▸ ENTRIES PROVIDED

--- START ---

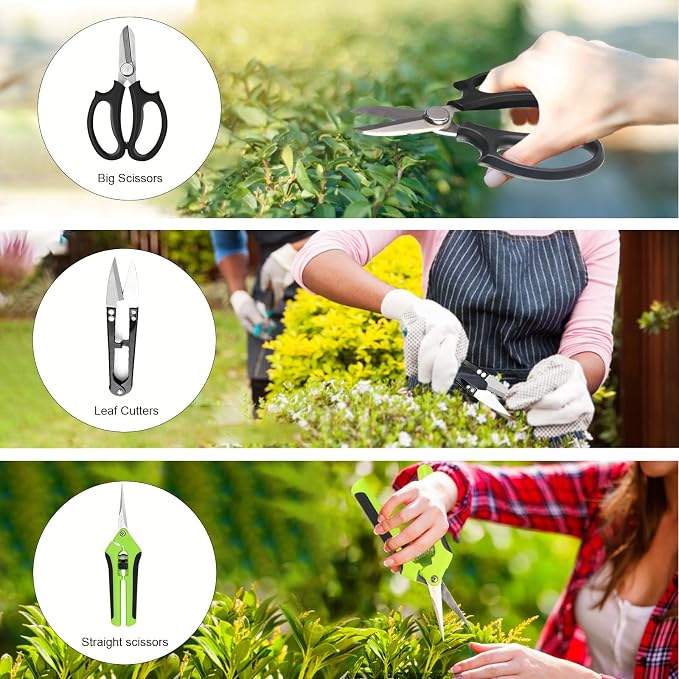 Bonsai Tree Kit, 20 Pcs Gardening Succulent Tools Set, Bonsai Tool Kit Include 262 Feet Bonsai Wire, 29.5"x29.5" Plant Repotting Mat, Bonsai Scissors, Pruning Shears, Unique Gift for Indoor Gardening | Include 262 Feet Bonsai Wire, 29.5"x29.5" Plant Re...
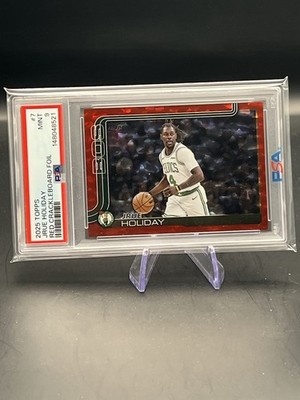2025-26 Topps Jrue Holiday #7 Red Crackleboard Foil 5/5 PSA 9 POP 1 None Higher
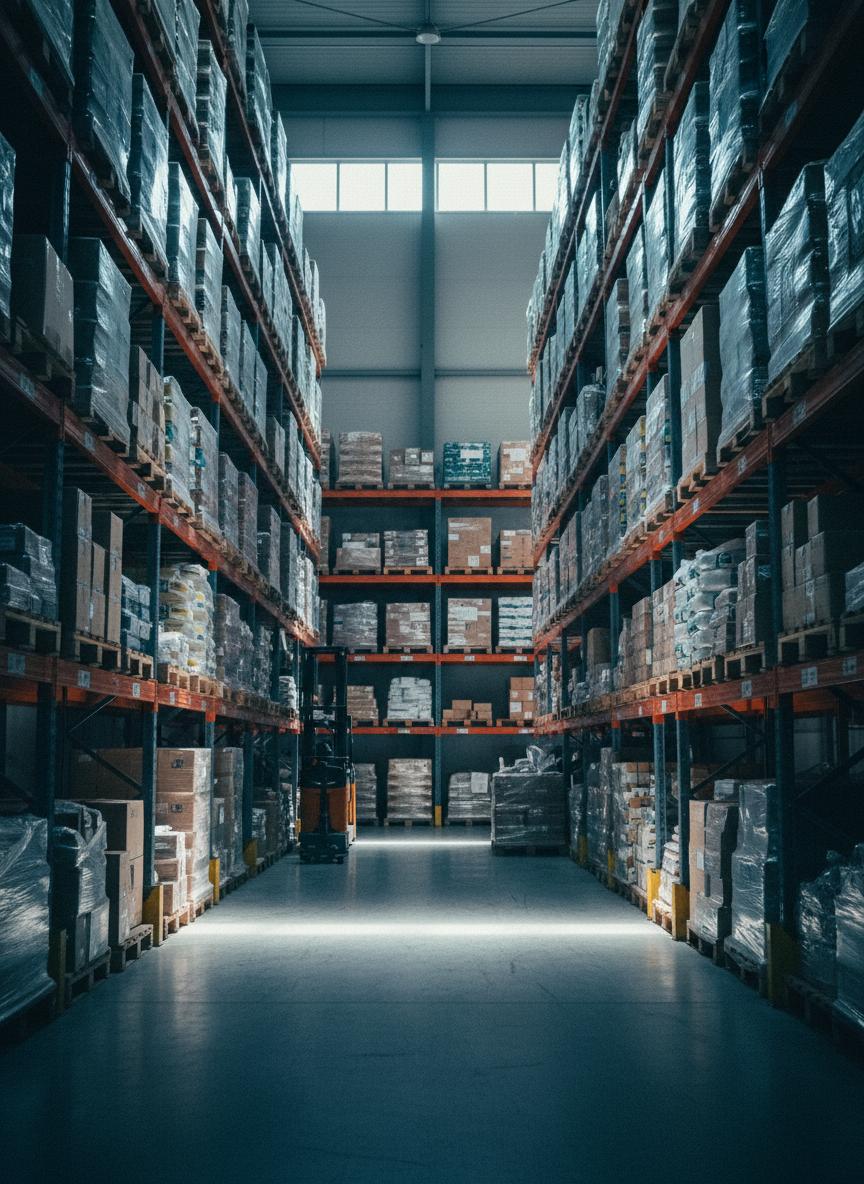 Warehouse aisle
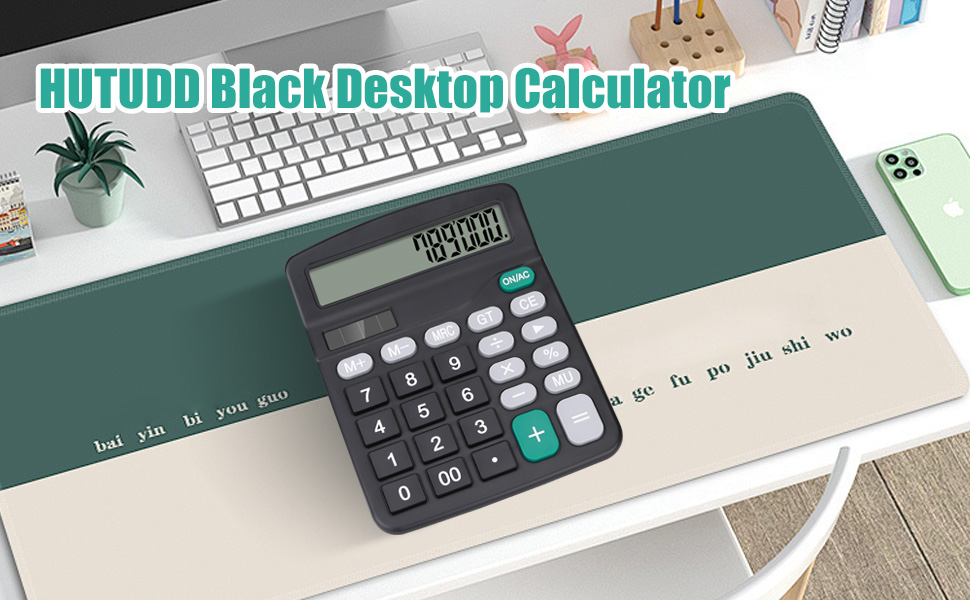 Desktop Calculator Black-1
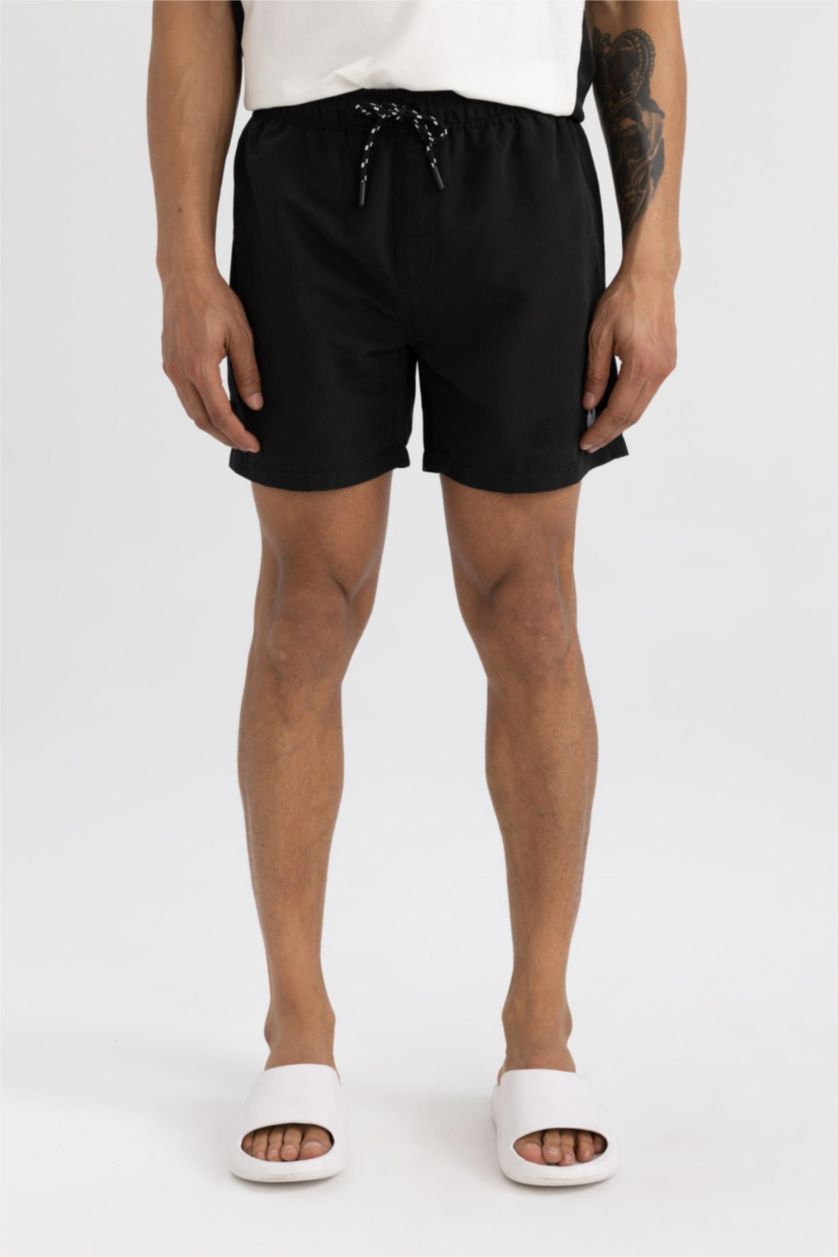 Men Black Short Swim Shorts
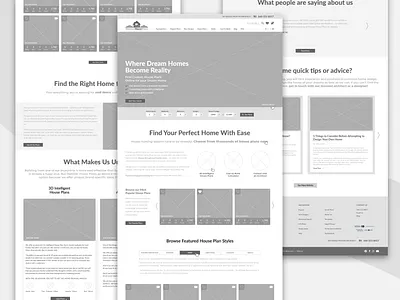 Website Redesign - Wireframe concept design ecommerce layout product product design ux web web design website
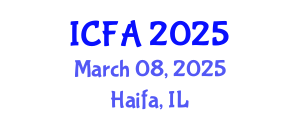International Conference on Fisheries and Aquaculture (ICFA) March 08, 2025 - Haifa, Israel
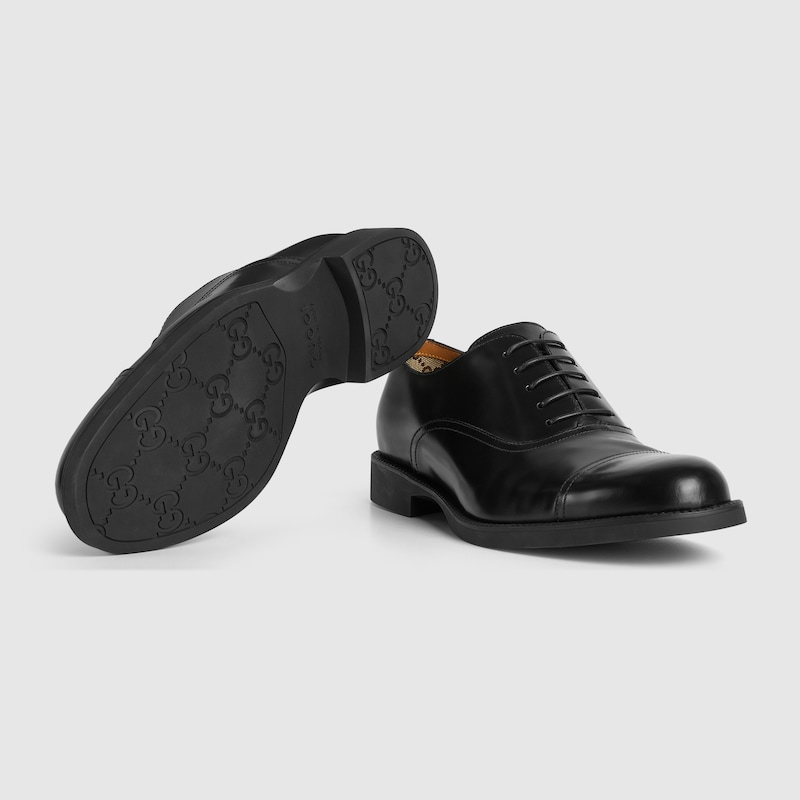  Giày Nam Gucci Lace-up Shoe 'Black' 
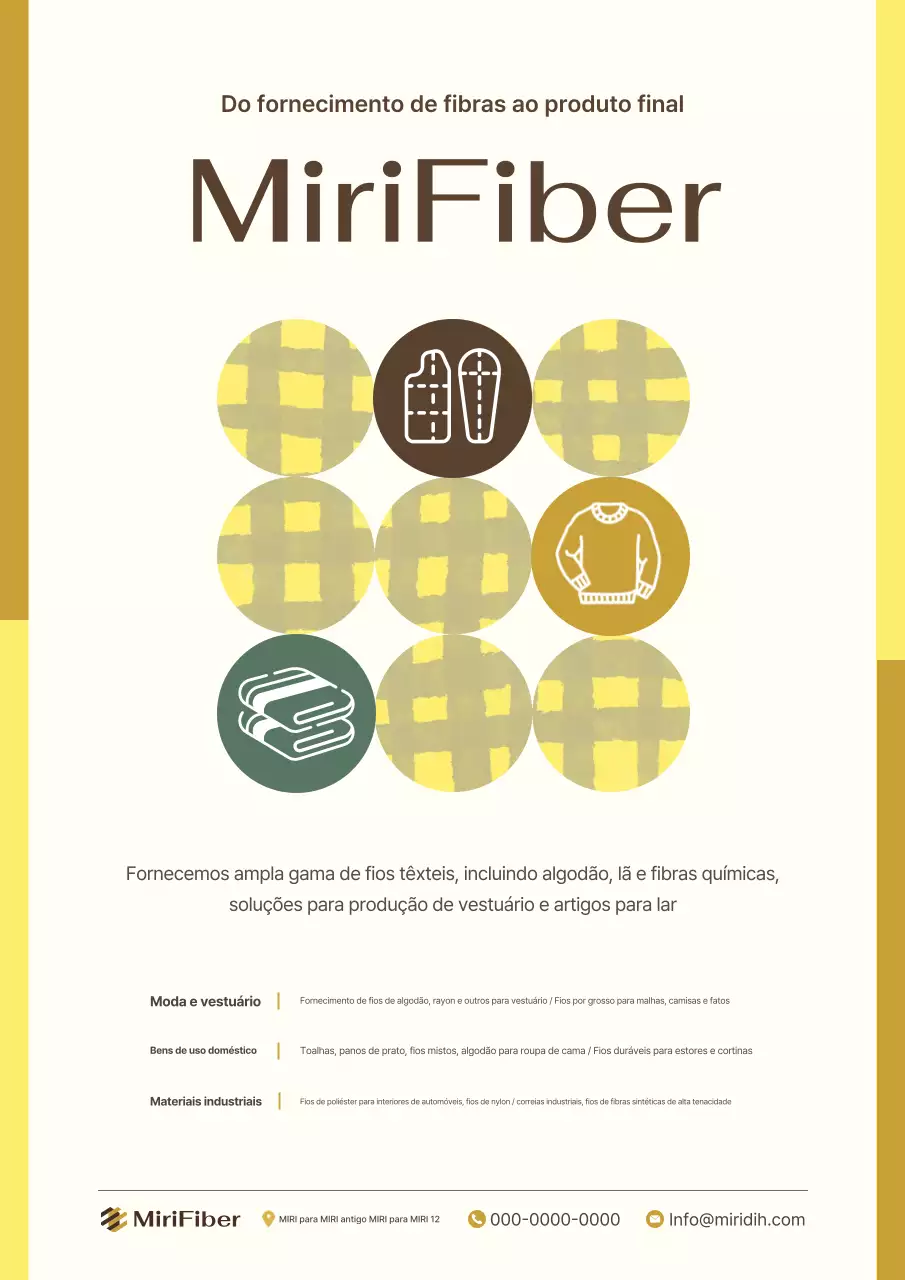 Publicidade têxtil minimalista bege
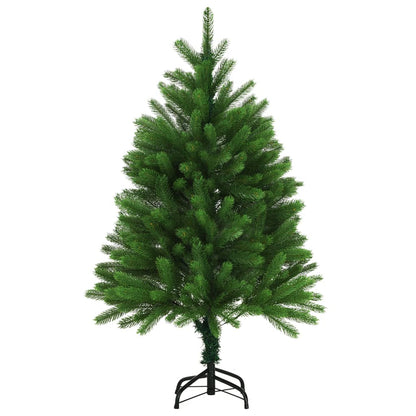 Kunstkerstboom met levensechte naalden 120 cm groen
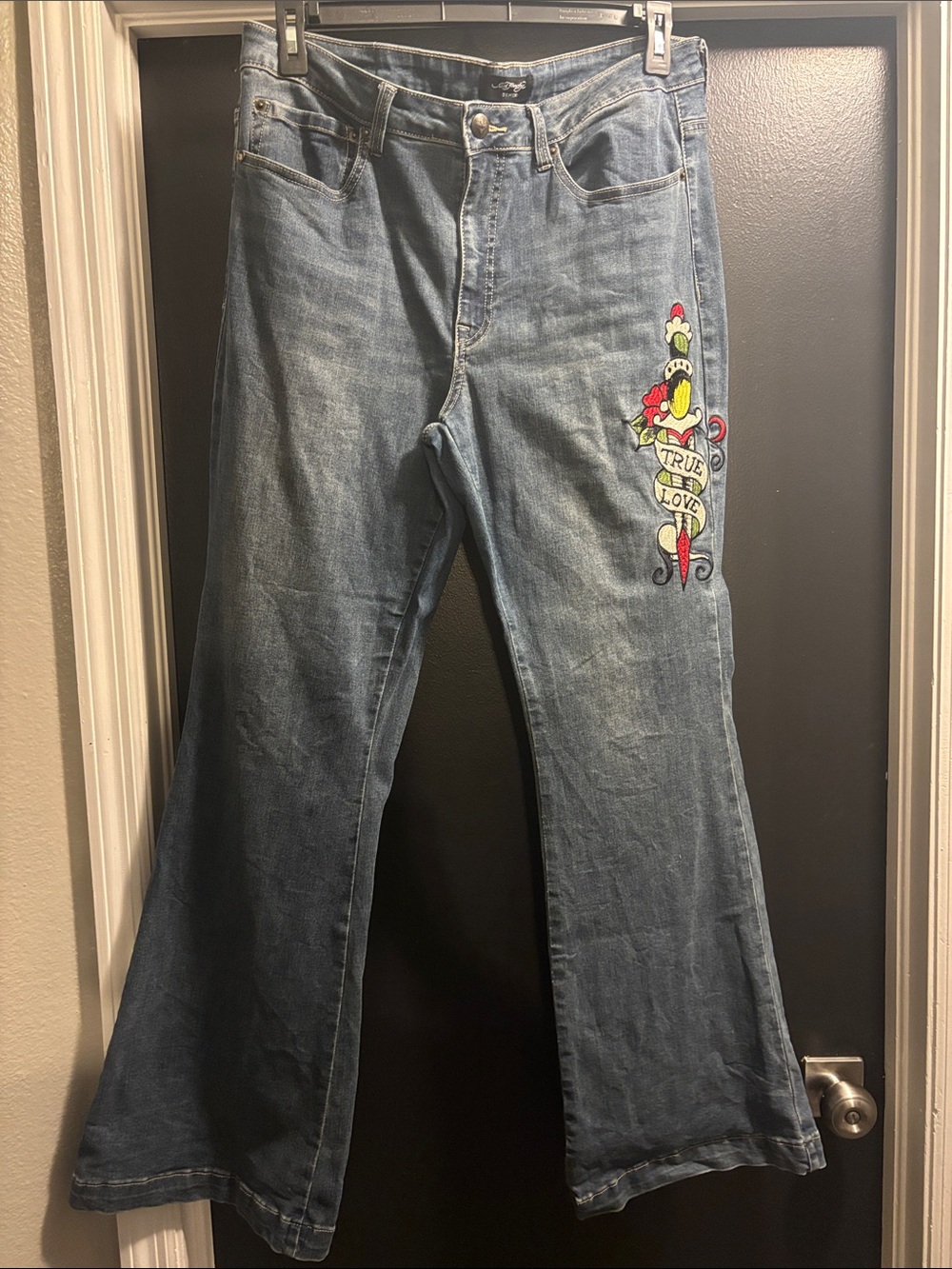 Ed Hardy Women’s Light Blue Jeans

--- END ---

Output, exactly and without pictures, the lines above that run from the one containing "Website Redesign - Wireframe" through the last line of the entries, inclusive.

 Website Redesign - Wireframe concept design ecommerce layout product product design ux web web design website
International Conference on Fisheries and Aquaculture (ICFA) March 08, 2025 - Haifa, Israel
  Giày Nam Gucci Lace-up Shoe 'Black' 
 Publicidade têxtil minimalista bege
 Kunstkerstboom met levensechte naalden 120 cm groen
 Ed Hardy Women’s Light Blue Jeans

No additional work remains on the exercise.